Toda la mortadela debe pasar por estrictas pautas del USDA, que incluyen el mandato de que la mortadela debe estar hecha de músculo esquelético crudo de ganado, no puede contener más del 30 % de grasa o 10 % de agua y no puede incluir más del 3,5 % de aglutinantes no cárnicos (como leche en polvo o cereales). Ahora bien, esto no significa que la mortadela no esté altamente procesada, pero generalmente no hay nada misterioso en la carne que utiliza una marca en particular. Incluso existen versiones elaboradas con pavo y pollo.
En realidad, Bolonia es descendiente de la mortadela italiana de la ciudad de Bolonia, en el norte del país con forma de bota. De hecho, sin la antigua salchicha, probablemente nunca tendríamos la mortadela que conocemos. Muchos consideran esta carne curada una delicia gourmet, e incluso Anthony Bourdain la utiliza en su sándwich favorito.
¿Cómo se hace exactamente la mortadela?
Naturalmente, existen muchas versiones diferentes de mortadela, desde marcas megaproducidas y de menor costo hasta aquellas que se consideran de mayor calidad. Estos últimos suelen elaborarse con ingredientes mínimos. Independientemente del tipo, toda mortadela hecha en Estados Unidos debe cumplir con los rigurosos estándares enumerados anteriormente, lo que haría que el uso de “carne misteriosa” como ingrediente fuera bastante difícil para los productores.

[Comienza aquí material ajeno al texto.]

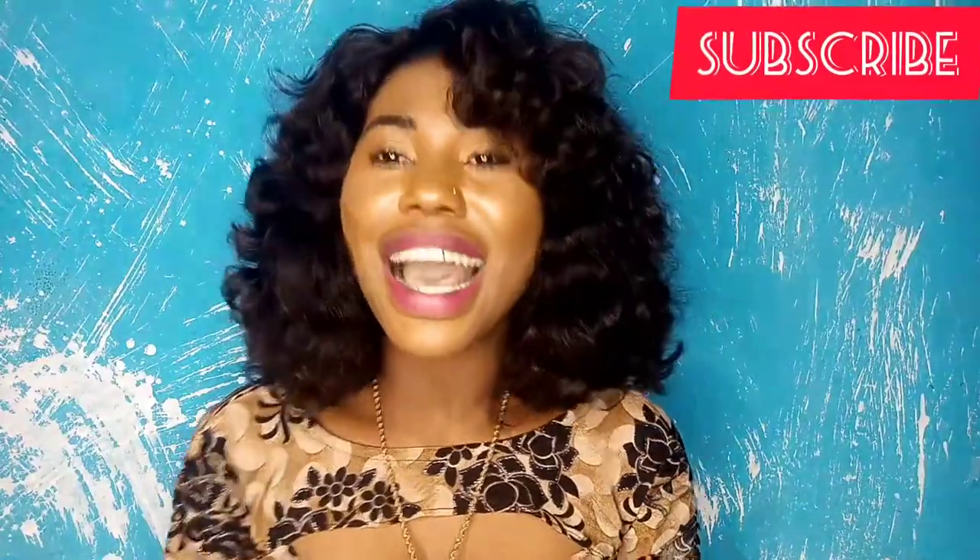Hey beauties, welcome to my YouTube channel. My name is Hope. On this channel we do all things beauty, skincare, lifestyles, DIYs, product reviews, and lots more. We have fun basically on this channel. If you're here to subscribe, please hit the subscribe button, and if you're a returning subscriber, yay — my notification gang, thank you so much, I love you. So without wasting much of your time, let's get to it.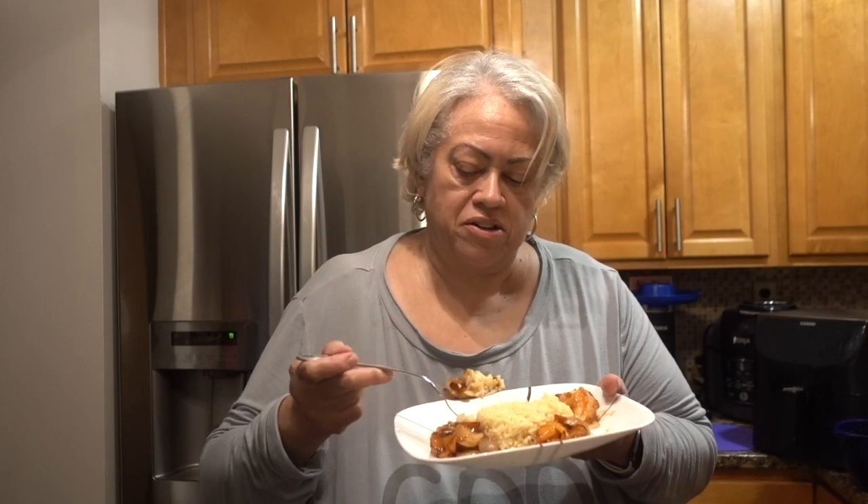I like that sauce. Some of them I don't like but I like this one. And the veggies are just right — they still have a little crunch. Not hard, but just a little.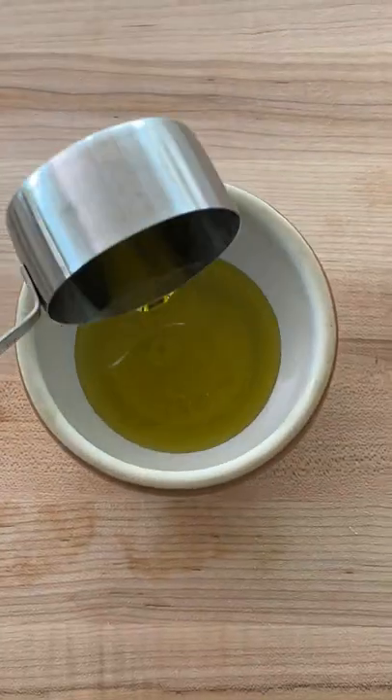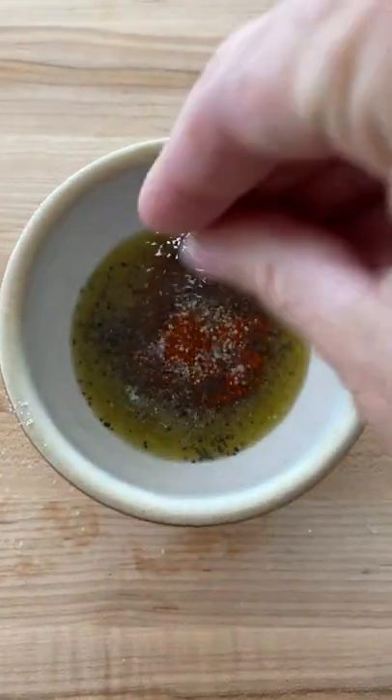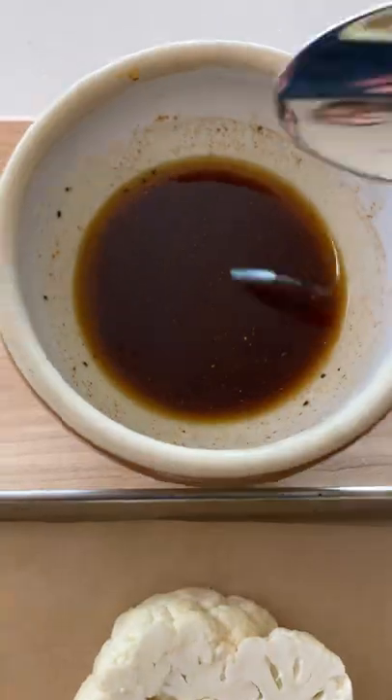Start by cutting the cauliflower into thick pieces, then create a marinade using olive oil, paprika, garlic powder, and salt and pepper. Whisk it together and then drizzle over the cauliflower steaks.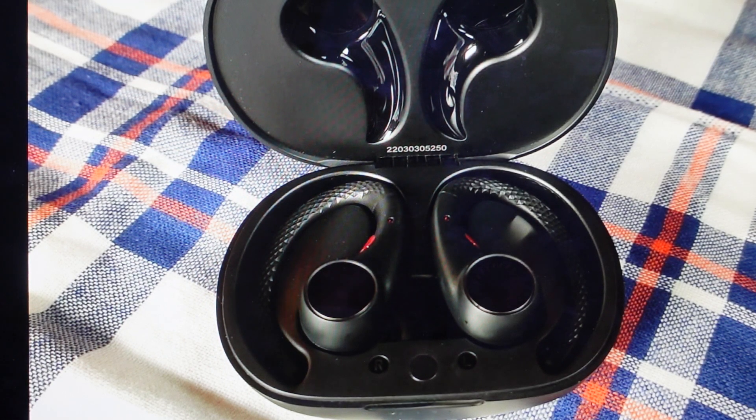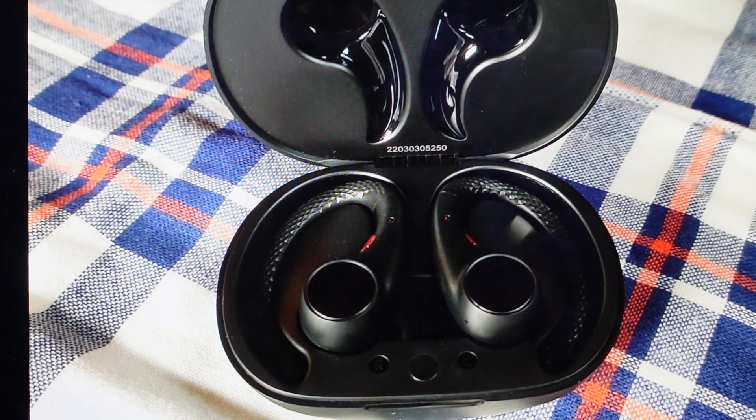Hey everybody, this is a real quick video in case you have Tribit MoveBuds H1 wireless Bluetooth earbuds with the model number BTH95 and you need to do a hard reset to the factory default settings on them.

Comienza con la carne, que a su vez también debe cumplir con las pautas del USDA. Después de la selección, la carne o las carnes se recortan y preparan antes de molerlas finamente. Se añade agua y grasa y luego se emulsiona la mezcla, lo que la transforma en una pasta muy fina y sedosa. En este punto, se agregan otros saborizantes junto con los conservantes que se incluyan. Para obtener ese clásico sabor a mortadela con el que muchos de nosotros estamos familiarizados, los productores suelen incluir sal, pimienta, cilantro, nuez moscada, pimienta de Jamaica, apio en polvo, bayas de mirto y, a veces, jarabe de maíz en su lista de ingredientes aromatizantes.
Luego, esta combinación se bombea a tripas y se les da forma de troncos redondos, que se cocinan y, a veces, se ahuman. Finalmente, la mortadela se enfría, se corta en rodajas y se envasa. Y eso es básicamente lo que es la mortadela, una mezcla de carnes y saborizantes, que esencialmente la hace como un hot dog, solo que mucho más grande y algo que puedes transformar en un sándwich de mortadela frita. Los que odian la Bolonia, incluso si aún no han probado esta comida, es posible que les haga ver su carne de almuerzo menos favorita desde una perspectiva completamente nueva.